「学者」というものの精神構造/「自我」というものと挫折体験

Posted at 06/01/06

昨日は午前中は仕事をしたが午後は人手が余るようだったので仕事を免除してもらって休む。3時間少し仕事をしていたがかなり疲れた。腰は体の要だなと改めて思う。午後は少し横になった後、ドイツ語を学習したり『庭仕事の愉しみ』を読んだり。FMではシューマンが流れていた。シューマンというのはどういう作曲家というべきか、なんとなくまだその性格がつかみきれない。19世紀前半の作曲家でベートーヴェンに強い影響を受けている感じはわかるのだが、そのオリジナリティがどこにあるのかというところがまだ見つけられていない。しかし、今まで聞いていた感じより昨日はそのよさが少し理解できた気がした。もう少し聞けば自分なりの答えが出るかもしれない。

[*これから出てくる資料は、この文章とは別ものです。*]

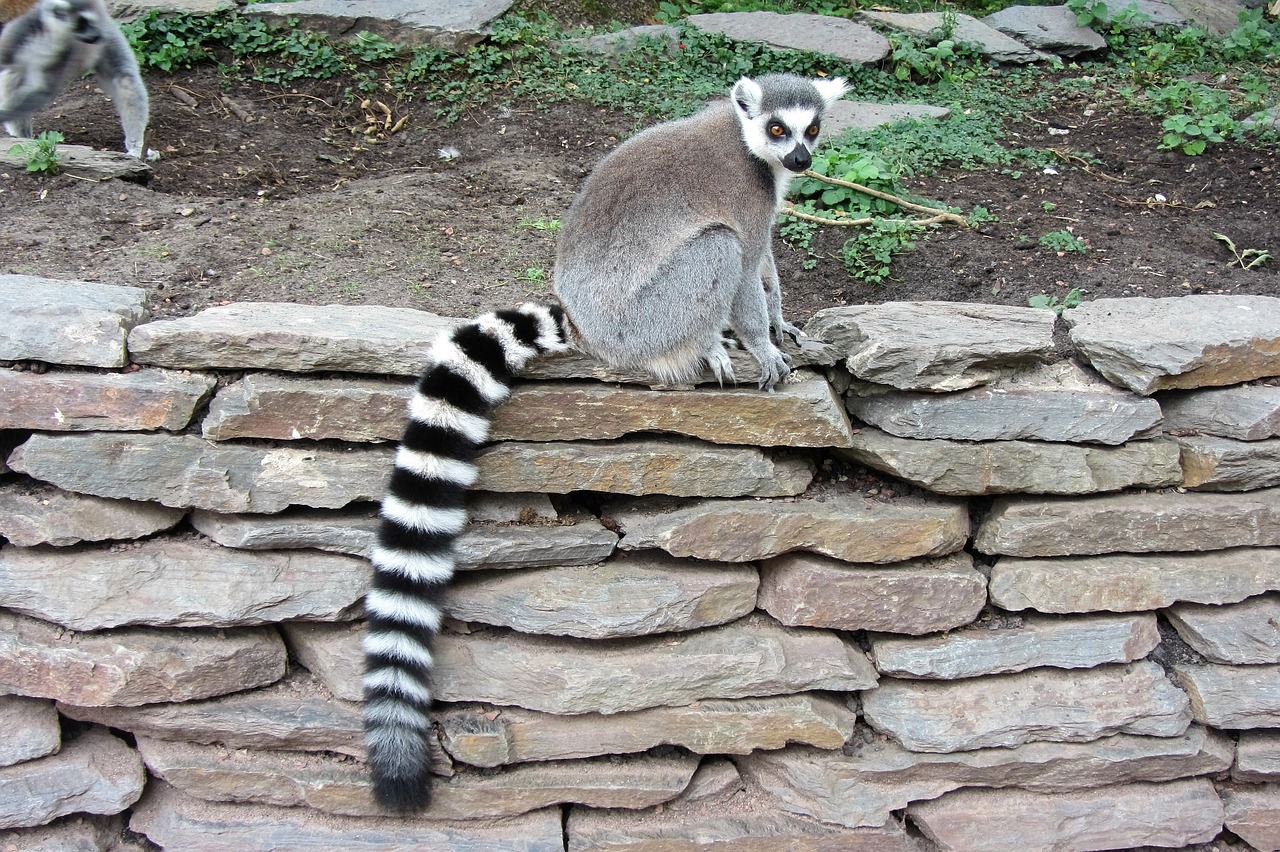 ring-tailed lemur long tail monkey free photo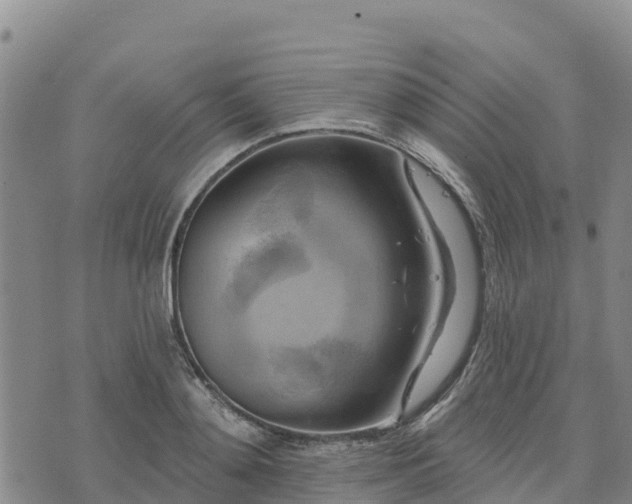 X0000074340892200609011625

『庭仕事の愉しみ』は本当に庭仕事の話が多いのでこんな厳寒期に読んでもあまり想像がつかないところがある。庭が好きな人ならもっと楽しめるのだろうなと思う。私は丁寧に翻訳された岡田朝雄氏の言葉を玩味して楽しむだけだ。ドイツ語がもう少し読めるようになったらヘッセももう一度読んでみたいものだと思う。あとはゲーテも。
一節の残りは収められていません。